Peru extends the COVID state of emergency until the end of August | News of coronavirus pandemic


While political uncertainty persists after the June presidential election, Peru has struggled to eradicate coronavirus infections.

Peru has extended until the end of August a state of emergency in relation to the coronavirus that allows the government to impose restrictions in an effort to eradicate infections.

Interim President Francisco Sagasti and his government’s resolution on Sunday extended the order, which was scheduled to be lifted on July 31, until the end of next month.

This means that restrictions including a night curfew imposed since March last year will continue.

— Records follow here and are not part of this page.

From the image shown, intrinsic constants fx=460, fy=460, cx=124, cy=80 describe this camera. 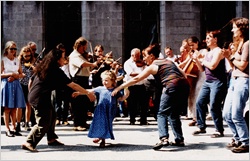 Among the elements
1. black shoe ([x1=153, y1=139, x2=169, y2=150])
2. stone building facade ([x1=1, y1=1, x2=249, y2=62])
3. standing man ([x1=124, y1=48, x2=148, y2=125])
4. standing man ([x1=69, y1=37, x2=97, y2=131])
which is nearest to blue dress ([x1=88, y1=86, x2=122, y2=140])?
black shoe ([x1=153, y1=139, x2=169, y2=150])

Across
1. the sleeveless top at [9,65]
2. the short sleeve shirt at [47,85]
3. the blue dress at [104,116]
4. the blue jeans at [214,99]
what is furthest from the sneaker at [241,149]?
the sleeveless top at [9,65]

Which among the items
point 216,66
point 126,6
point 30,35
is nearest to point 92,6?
point 126,6

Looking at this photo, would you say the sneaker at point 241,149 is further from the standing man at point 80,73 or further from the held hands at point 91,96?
the standing man at point 80,73

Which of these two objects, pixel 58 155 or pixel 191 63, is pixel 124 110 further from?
pixel 58 155

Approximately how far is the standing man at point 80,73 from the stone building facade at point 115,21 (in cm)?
605

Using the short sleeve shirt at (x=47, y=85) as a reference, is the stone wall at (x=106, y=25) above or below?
above

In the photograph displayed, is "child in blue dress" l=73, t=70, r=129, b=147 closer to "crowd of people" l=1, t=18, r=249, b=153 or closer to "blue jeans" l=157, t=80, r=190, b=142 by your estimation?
"crowd of people" l=1, t=18, r=249, b=153

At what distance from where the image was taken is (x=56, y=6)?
16.6m

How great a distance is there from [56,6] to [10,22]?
5.67ft

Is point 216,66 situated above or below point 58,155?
above

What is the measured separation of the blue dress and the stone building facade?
27.4ft

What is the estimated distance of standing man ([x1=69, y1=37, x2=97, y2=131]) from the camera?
9.73 m

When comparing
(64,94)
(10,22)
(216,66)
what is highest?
(10,22)

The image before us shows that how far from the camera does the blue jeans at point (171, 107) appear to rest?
7.30m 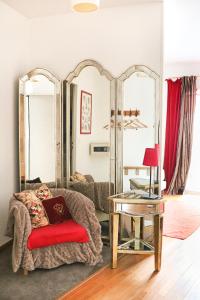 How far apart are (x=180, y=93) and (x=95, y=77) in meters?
3.45

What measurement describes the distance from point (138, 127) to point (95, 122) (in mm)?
507

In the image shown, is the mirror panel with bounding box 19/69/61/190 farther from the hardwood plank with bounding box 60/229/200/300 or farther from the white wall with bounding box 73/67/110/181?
the hardwood plank with bounding box 60/229/200/300

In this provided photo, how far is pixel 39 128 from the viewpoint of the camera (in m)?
4.08

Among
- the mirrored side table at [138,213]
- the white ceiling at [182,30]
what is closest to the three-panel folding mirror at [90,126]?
the mirrored side table at [138,213]

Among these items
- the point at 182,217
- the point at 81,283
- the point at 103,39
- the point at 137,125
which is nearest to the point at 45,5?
the point at 103,39

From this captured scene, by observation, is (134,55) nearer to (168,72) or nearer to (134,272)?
(134,272)

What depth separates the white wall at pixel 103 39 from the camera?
374cm

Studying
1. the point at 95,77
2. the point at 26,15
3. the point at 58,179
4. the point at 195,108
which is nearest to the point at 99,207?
the point at 58,179

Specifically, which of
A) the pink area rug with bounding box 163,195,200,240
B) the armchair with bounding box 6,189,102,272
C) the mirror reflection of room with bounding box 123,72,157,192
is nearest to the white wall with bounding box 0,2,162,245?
the mirror reflection of room with bounding box 123,72,157,192

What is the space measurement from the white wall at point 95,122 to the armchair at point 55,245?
0.48 meters

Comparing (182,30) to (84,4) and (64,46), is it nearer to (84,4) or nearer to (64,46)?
(64,46)

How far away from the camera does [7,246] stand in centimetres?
389

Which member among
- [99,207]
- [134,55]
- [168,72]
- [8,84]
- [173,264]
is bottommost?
[173,264]

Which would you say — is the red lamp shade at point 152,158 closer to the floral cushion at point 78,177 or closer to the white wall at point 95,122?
the white wall at point 95,122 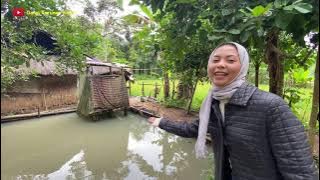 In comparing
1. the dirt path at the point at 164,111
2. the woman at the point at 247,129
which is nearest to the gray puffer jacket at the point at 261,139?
Answer: the woman at the point at 247,129

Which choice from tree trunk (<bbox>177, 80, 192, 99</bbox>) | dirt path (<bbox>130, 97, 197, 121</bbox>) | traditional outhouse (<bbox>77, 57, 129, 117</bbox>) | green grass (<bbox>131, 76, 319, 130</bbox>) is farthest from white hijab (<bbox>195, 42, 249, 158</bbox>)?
tree trunk (<bbox>177, 80, 192, 99</bbox>)

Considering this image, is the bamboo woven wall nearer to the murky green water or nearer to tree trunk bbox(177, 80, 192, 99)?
the murky green water

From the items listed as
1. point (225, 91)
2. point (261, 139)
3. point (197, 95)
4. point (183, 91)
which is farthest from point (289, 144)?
point (197, 95)

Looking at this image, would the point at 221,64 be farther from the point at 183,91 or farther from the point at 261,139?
the point at 183,91

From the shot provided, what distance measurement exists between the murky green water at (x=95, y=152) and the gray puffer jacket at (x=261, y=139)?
3.54 meters

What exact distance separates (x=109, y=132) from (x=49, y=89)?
319 cm

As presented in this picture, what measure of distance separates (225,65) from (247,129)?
332 millimetres

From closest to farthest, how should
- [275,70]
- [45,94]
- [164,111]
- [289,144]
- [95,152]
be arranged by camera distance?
1. [289,144]
2. [275,70]
3. [95,152]
4. [45,94]
5. [164,111]

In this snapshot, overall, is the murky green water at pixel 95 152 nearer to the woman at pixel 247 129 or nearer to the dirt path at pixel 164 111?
the dirt path at pixel 164 111

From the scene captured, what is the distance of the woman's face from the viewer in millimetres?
1673

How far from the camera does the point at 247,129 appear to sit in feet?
5.29

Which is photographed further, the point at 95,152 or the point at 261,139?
the point at 95,152

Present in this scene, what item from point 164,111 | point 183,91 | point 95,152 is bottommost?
point 95,152

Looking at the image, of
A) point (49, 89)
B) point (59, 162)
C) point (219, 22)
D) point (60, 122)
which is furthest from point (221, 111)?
A: point (49, 89) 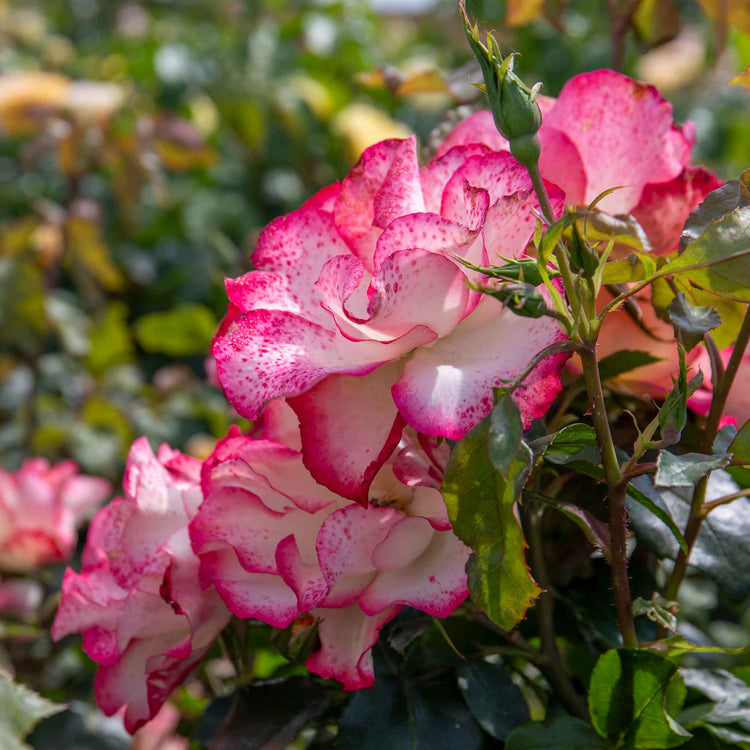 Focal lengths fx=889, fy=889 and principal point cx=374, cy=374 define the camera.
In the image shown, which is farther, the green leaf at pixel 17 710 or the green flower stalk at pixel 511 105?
the green leaf at pixel 17 710

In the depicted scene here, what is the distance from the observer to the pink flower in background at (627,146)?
407 millimetres

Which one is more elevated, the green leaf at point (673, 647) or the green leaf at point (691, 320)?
the green leaf at point (691, 320)

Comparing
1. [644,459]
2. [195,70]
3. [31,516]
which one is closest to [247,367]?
[644,459]

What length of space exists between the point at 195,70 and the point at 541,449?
5.23 ft

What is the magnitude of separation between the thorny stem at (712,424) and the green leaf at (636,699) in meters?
0.05

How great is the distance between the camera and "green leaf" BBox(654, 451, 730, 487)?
29 cm

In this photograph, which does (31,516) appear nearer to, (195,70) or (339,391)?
(339,391)

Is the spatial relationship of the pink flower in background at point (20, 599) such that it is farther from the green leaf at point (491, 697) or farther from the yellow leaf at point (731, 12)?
the yellow leaf at point (731, 12)

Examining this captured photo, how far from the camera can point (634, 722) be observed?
0.38m

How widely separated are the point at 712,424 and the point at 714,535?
8 centimetres

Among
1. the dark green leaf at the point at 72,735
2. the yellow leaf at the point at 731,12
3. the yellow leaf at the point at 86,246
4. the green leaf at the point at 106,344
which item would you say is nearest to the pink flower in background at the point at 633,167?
the yellow leaf at the point at 731,12

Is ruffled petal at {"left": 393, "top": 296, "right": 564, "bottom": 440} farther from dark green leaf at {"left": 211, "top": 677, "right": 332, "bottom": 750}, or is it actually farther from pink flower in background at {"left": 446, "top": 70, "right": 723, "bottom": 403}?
dark green leaf at {"left": 211, "top": 677, "right": 332, "bottom": 750}

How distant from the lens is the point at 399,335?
0.34m

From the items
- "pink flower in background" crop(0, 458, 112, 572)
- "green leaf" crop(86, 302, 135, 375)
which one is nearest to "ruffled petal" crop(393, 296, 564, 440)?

Peru has struggled to contain increasing cases of coronavirus and deaths in recent months, with the country recording more than 2.07 million infections and more than 193,000 deaths since the pandemic began, according to data from Johns Hopkins University.

“Almost all Peruvians know someone who died from COVID,” Cesar Carcamo, epidemiologist at Cayetano Heredia University, Peru’s first medical school, said. said Al Jazeera of May.

At the end of that month, the country adapted its number of deaths from coronavirus, giving it the the highest per capita mortality rate in the world.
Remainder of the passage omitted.